The end-point device(s) 140 may represent various forms of electronic devices, including user input devices such as personal digital assistants, cellular telephones, smartphones, laptops, desktops, and/or the like, merchant input devices such as point-of-sale (POS) devices, electronic payment kiosks, and/or the like, electronic telecommunications device (e.g., automated teller machine (ATM)), and/or edge devices such as routers, routing switches, integrated access devices (IAD), and/or the like.
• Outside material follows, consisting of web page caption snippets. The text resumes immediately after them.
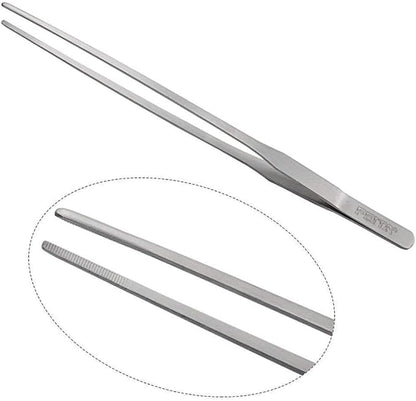 Aquarium Tweezer Set - FEITA Long Stainless Steel Curved &amp; Straight Aquarium Feeding Tweezers Scissors Maintenance Tools Kit (3 Pcs)
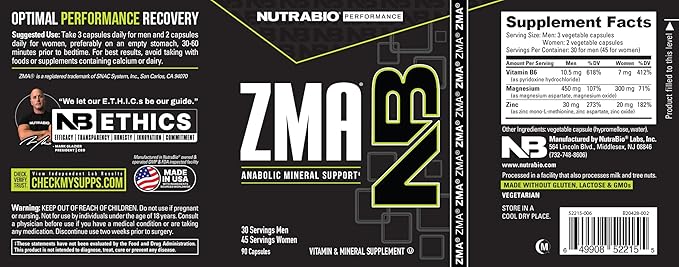 NutraBio ZMA Supplements for Men &amp Women- Zinc Magnesium Supplements to Support Hormone Levels -Sleep- Muscle Recovery-Immune Health 90 Count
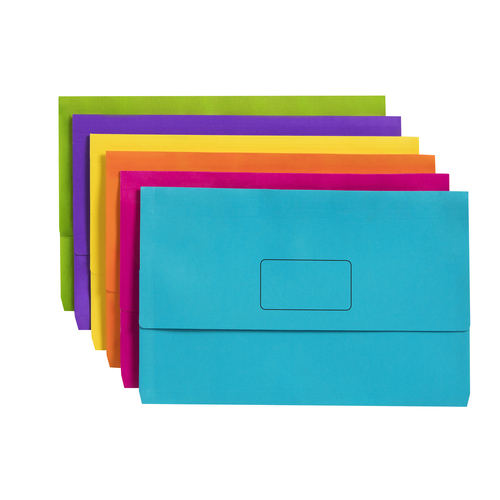 40pc Marbig Slimpick Brights Foolscap Document Wallet - Assorted
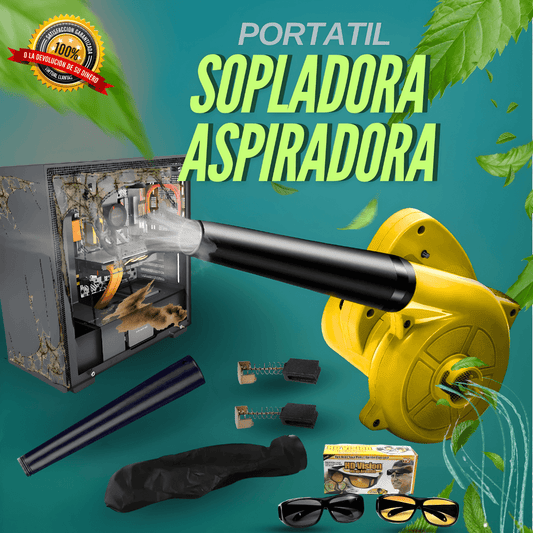 Sopladora Eléctrica y Aspiradora 800W + 2 Lentes Visión HD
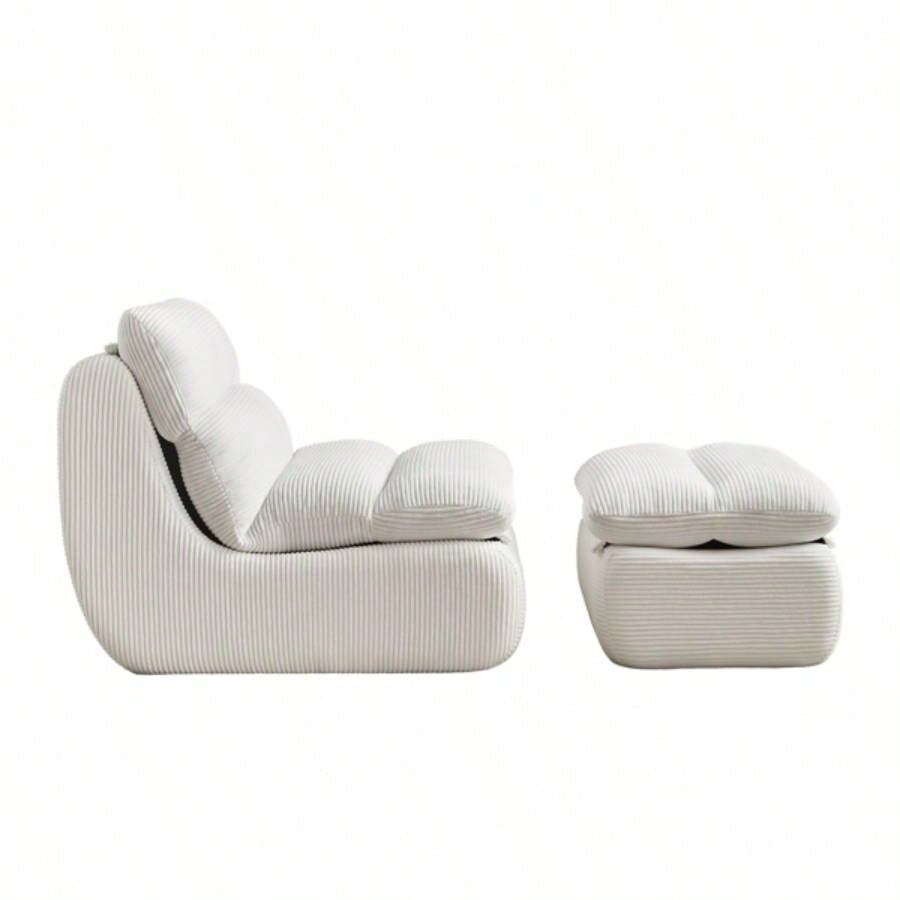 Modern Compressed Lounge Chair with Ottoman, Cozy Corduroy Recliner Small Spaces, Living Room, or Bedroom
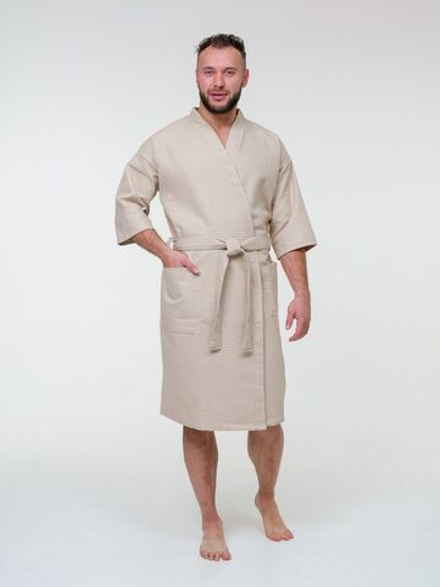 Халат вафельный 48-50 бежевый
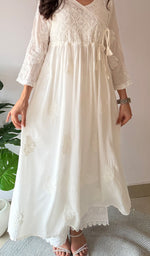 将图像加载到图库查看器中, Women's Lucknowi Handcrafted Modal Cotton Chikankari Angrakha - HONC0210167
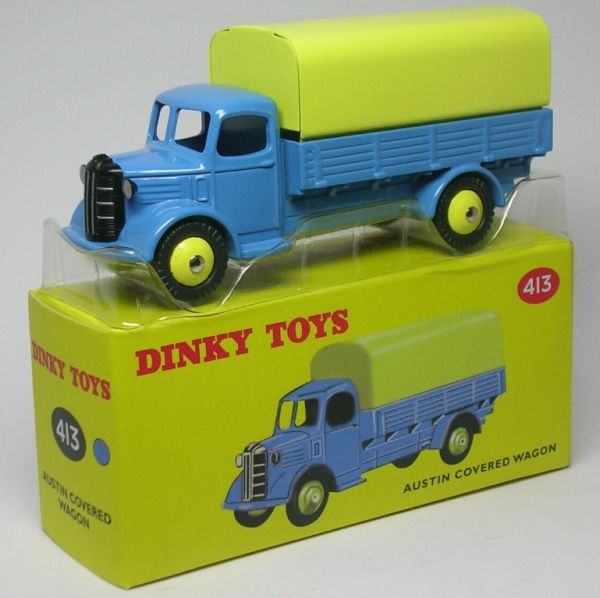 DIN413BLEU - AUSTIN Covered wagon bleu et jaune - 1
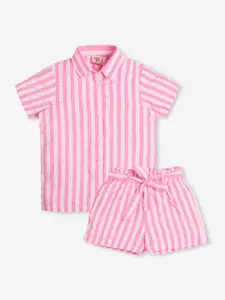 Ed-a-Mamma Girls Cotton Striped Shirt Collar Shirt with Shorts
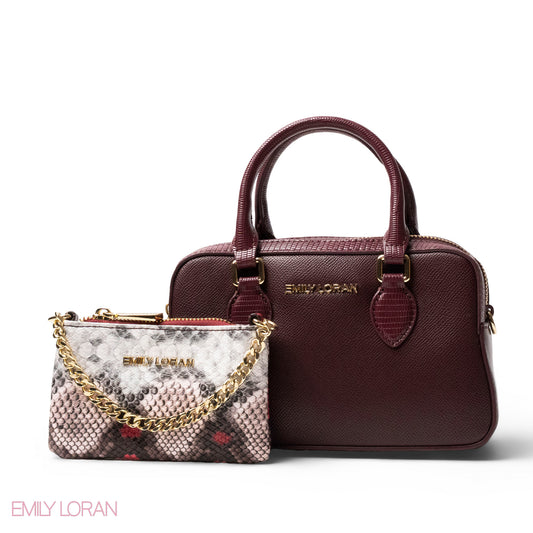 LEATHER HANDBAG WITH MINI WALLET SNAKE -SMALL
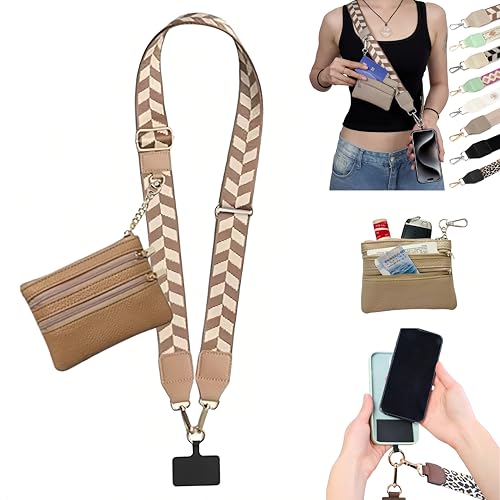 Crossbody Body Phone Holder for Women, New Phone Strap with Zippered Pouch, Adjustable Crossbody Strap - color: Dark Brown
The network 110 may be a distributed network that is spread over different networks. This provides a single data communication network, which can be managed jointly or separately by each network. Besides shared communication within the network, the distributed network often also supports distributed processing. The network 110 may be a form of digital communication network such as a telecommunication network, a local area network (“LAN”), a wide area network (“WAN”), a global area network (“GAN”), the Internet, or any combination of the foregoing. The network 110 may be secure and/or unsecure and may also include wireless and/or wired and/or optical interconnection technology.
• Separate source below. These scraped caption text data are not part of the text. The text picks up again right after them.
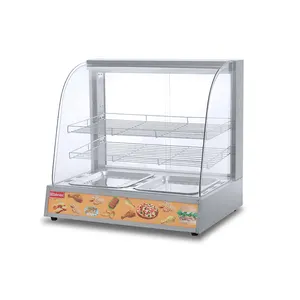 Electric Stainless Steel Food Warming Display Showcase with Curved Glass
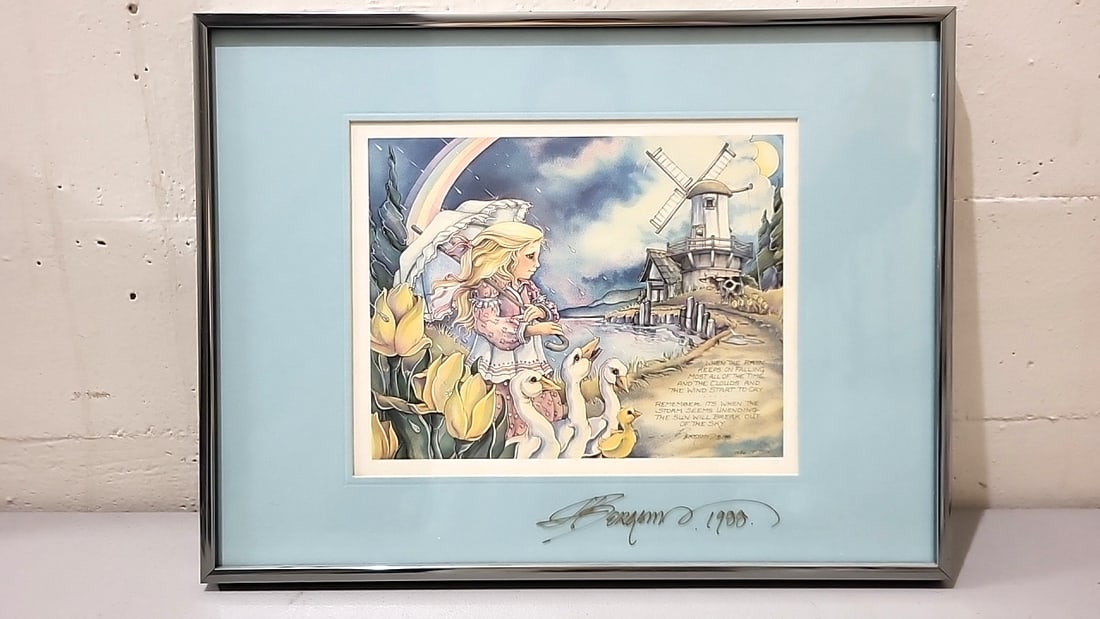 Lot Of 4 Jody Bergsma Signed Numbered Framed Fantasy Art Prints Children Lion Pegasus Unicorn Geese - 2
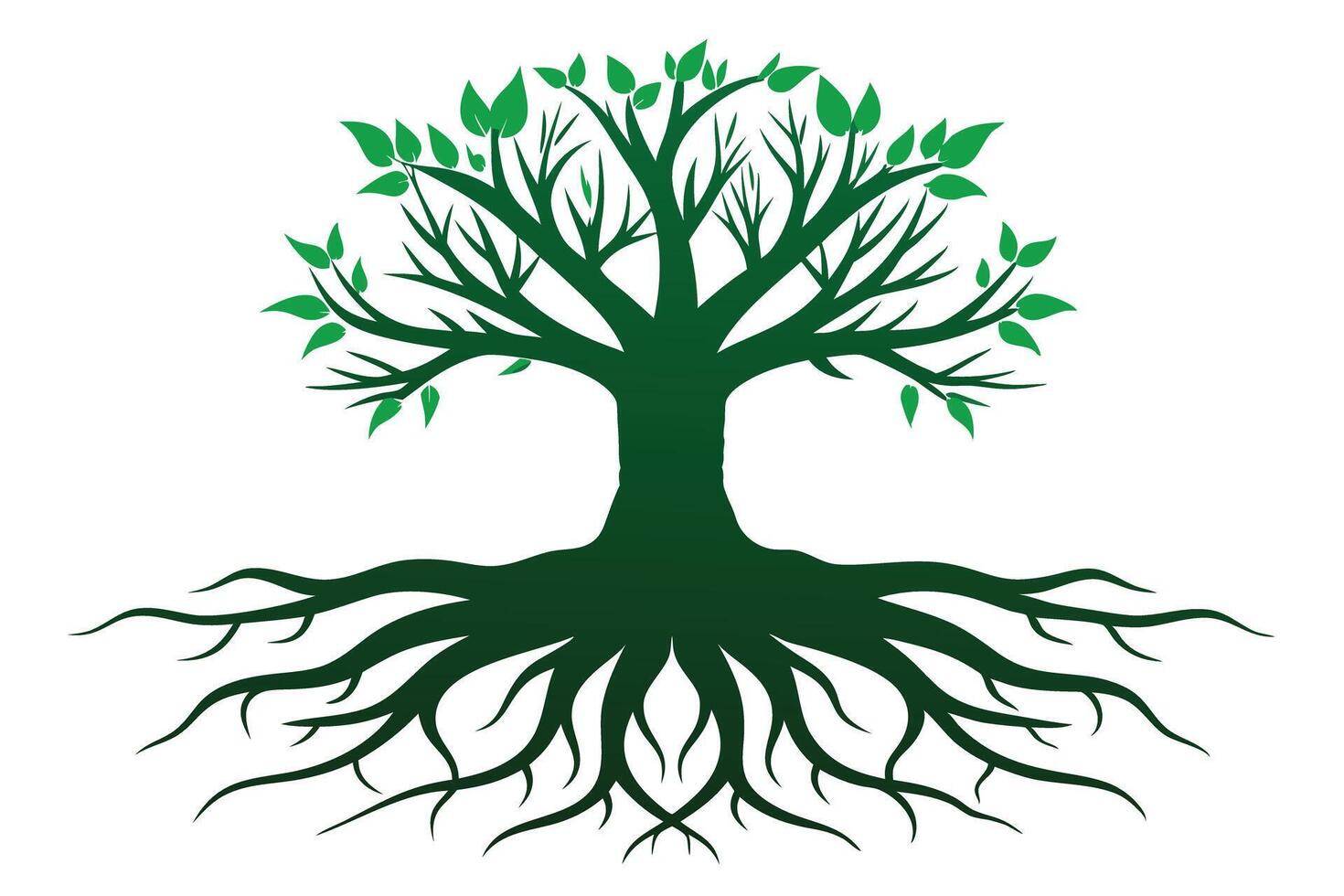A Illustrative image of a strong, rooted tree. vector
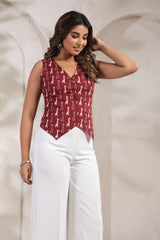 Giraffe red west coat cotton top
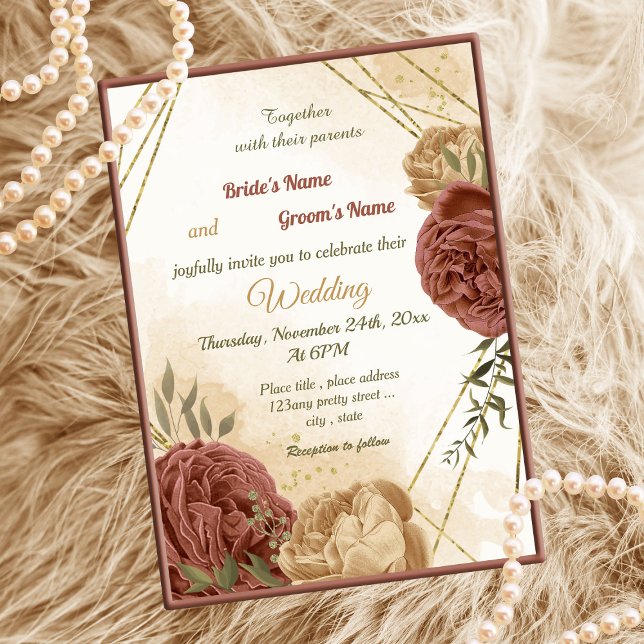 terracotta earth tone floral greenery wedding invitation (Creator Uploaded)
It is to be understood that the structure of the distributed computing environment and its components, connections and relationships, and their functions, are meant to be exemplary only, and are not meant to limit implementations of the disclosures described and/or claimed in this document. In one example, the distributed computing environment 100 may include more, fewer, or different components. In another example, some or all of the portions of the distributed computing environment 100 may be combined into a single portion or all of the portions of the system 130 may be separated into two or more distinct portions.

FIG. 1B illustrates an exemplary component-level structure of the system 130, in accordance with an embodiment of the disclosure. As shown in FIG. 1B, the system 130 may include a processor 102, memory 104, input/output (I/O) device 116, and a storage device 110. The system 130 may also include a high-speed interface 108 connecting to the memory 104, and a low-speed interface 112 connecting to low speed bus 114 and storage device 110. Each of the components 102, 104, 108, 110, and 112 may be operatively coupled to one another using various buses and may be mounted on a common motherboard or in other manners as appropriate. As described herein, the processor 102 may include a number of subsystems to execute the portions of processes described herein. Each subsystem may be a self-contained component of a larger system (e.g., system 130) and capable of being configured to execute specialized processes as part of the larger system.
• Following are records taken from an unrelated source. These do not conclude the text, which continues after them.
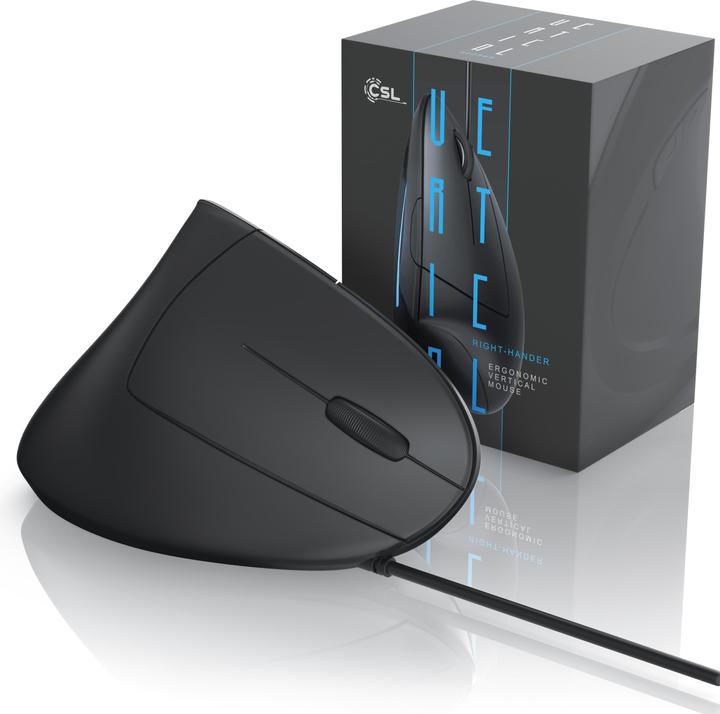 Produktbild CSL Vertikale USB Maus kabelgebunden, optische vertikale Mouse, Vorbeugung gegen Mausarm/Tennisarm (RSI) (Kabelgebunden)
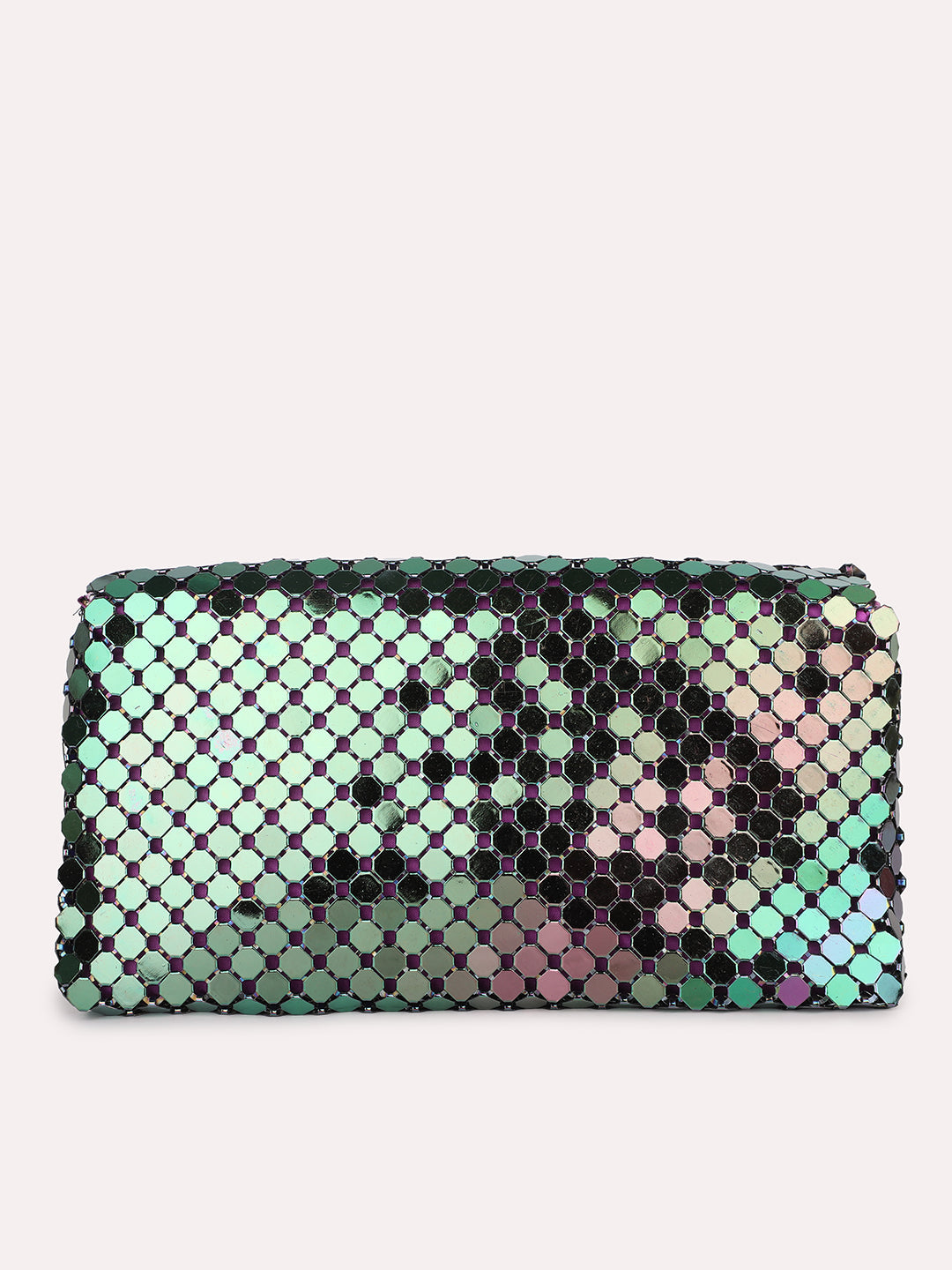 Women Purple Dual Toned Embellished Foldover Clutch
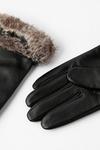 Accessorize Faux Fur Trim Leather Gloves thumbnail 2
The processor 102 can process instructions, such as instructions of an application that may perform the functions disclosed herein. These instructions may be stored in the memory 104 (e.g., non-transitory storage device) or on the storage device 110, for execution within the system 130 using any subsystems described herein. It is to be understood that the system 130 may use, as appropriate, multiple processors, along with multiple memories, and/or I/O devices, to execute the processes described herein.

The memory 104 stores information within the system 130. In one implementation, the memory 104 is a volatile memory unit or units, such as volatile random access memory (RAM) having a cache area for the temporary storage of information, such as a command, a current operating state of the distributed computing environment 100, an intended operating state of the distributed computing environment 100, instructions related to various methods and/or functionalities described herein, and/or the like. In another implementation, the memory 104 is a non-volatile memory unit or units. The memory 104 may also be another form of computer-readable medium, such as a magnetic or optical disk, which may be embedded and/or may be removable. The non-volatile memory may additionally or alternatively include an EEPROM, flash memory, and/or the like for storage of information such as instructions and/or data that may be read during execution of computer instructions. The memory 104 may store, recall, receive, transmit, and/or access various files and/or information used by the system 130 during operation.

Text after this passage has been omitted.